Over the past 35 years or so, punk rock has evolved in a way that would have not been foreseeable at the time. There have been many genres, subgenres and returns to genres in that time to keep the overarching world of punk rock ticking along nicely enough to entice new recruits to the cause to keep things moving along as the years go by. Sometimes you hear a song which takes you back to a certain period of time in your life, to one of those early days and the memories it evokes can be as clear as if they had happened in the past few days. On other occasions you will hear a new song or band which manages to do exactly the same thing although without any particular references in your past to link them too directly. For me that certainly applies to Wasted Life.

As a youngster I was very much into what is now referred to as the "UK82" scene and lapped up a lot of the music that came out of the early '80s, before acquiring an interest in music from around the globe. Wasted Life immediately takes me back to those years as the band sound as if it has almost been transported from that era and gone through a minor update to reach the present day.
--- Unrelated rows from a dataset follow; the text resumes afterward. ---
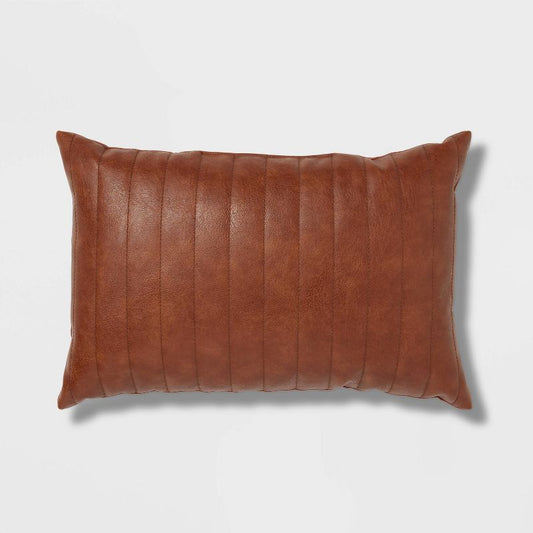 Oblong Faux Leather Channel Stitch Decorative Throw Pillow Cognac - Threshold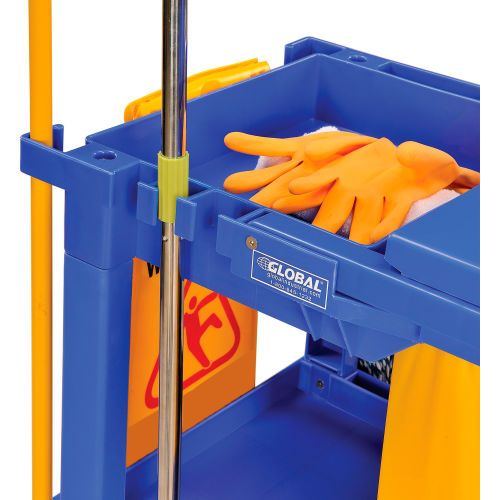 Global Industrial™ Janitor Cart Blue with 25 Gallon Vinyl Bag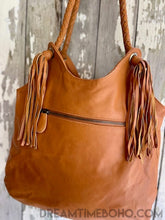 Load image into Gallery viewer, Handcrafted Thunderbird Leather Shoulder Bag Boho Tote-Apparel & Accessories-Dreamtime Boho-Beige-Dreamtime Boho
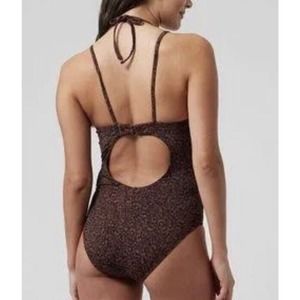 Athleta Keyhole One Piece Swimsuit, Size M Floral Burgundy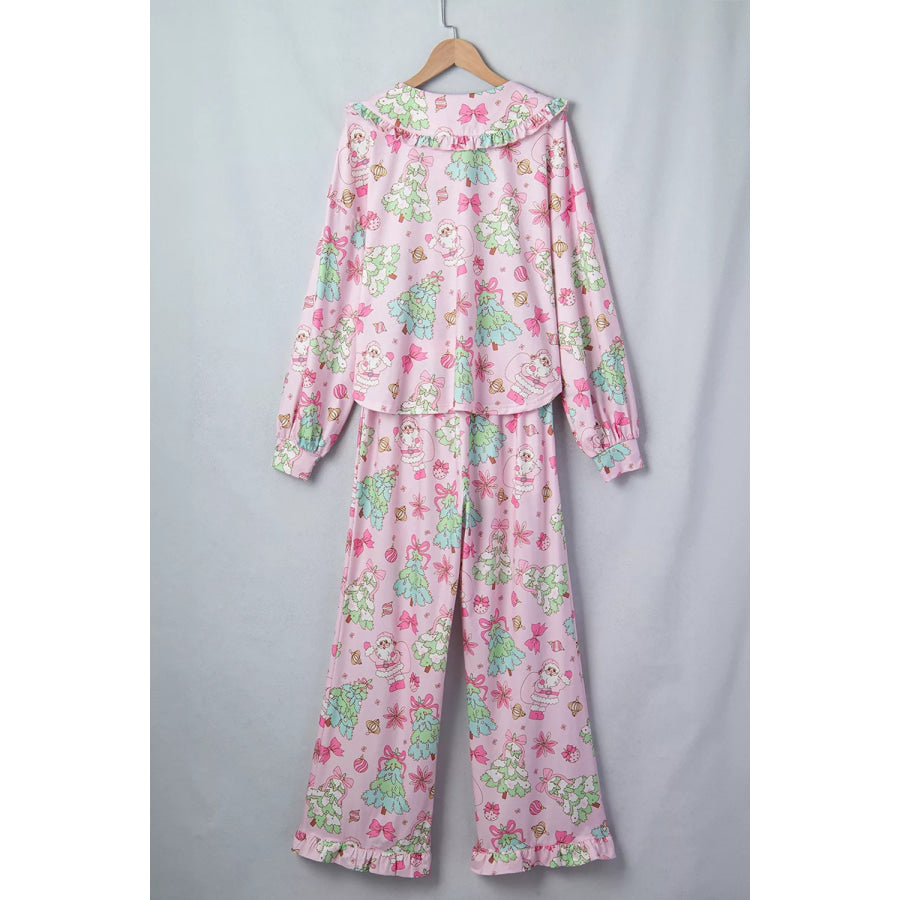 Christmas Print Button Front Long Sleeve Lounge Set Apparel and Accessories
There are obvious improvements from many of the bands that were encompassed by the whole UK82 banner, a sound that today often comes across as plodding and ponderous, and where things have moved on is through better musicianship (the bass playing on this record is one of the highlights of the release) and enhanced production values. However, there is no way of disguising the fact that the vocals of JJ immediately make me think of a lot of bands I heard back in those days, some of which would have featured on the various Oi! compilations but also with a quality that reminds me a bit of Carl Fisher from Blitz. His voice is a guttural bark, snapping away as the lyrics (which highlight that many of today's problems and issues are no different to those encountered during the UK82 era: workers being treated like dirt, decaying cities--in this case Stoke-on-Trent) and at first this really turned me off. However, gradually I became more accustomed to this element and it had quite a nostalgic effect on me, becoming something I enjoyed.

As the album plays through, there's no denying that it's a fairly generic offering which is blatantly not going to set the world alight. There is nothing new here nor does it inspire one to take up arms in the name of any cause. However, all that being said, there is something here that I find strangely, albeit temporarily I would say, appealing: perhaps it is that it makes me think back to the days when I was in school, as yet generally unaffected, personally, by the politics of the day although well aware of them, and when life was more carefree. The conclusion I arrived at is that this is purely a nostalgia trip and although I had some great times as a teenager, this album isn't going to provide me much entertainment in future months when I want something challenging, thought provoking or current, but for now it puts a smile on my face as I reminisce of the days gone by, and that's not a bad thing to have as it's brought me to where I am today.

I frequently mention bands that would fit in musically with the annual Fest event but here I'd be mightily surprised if this band isn't a regular name on the line up at the annual Rebellion event here in the U.K.--there is a massive retro feel to the band both in appearance and music.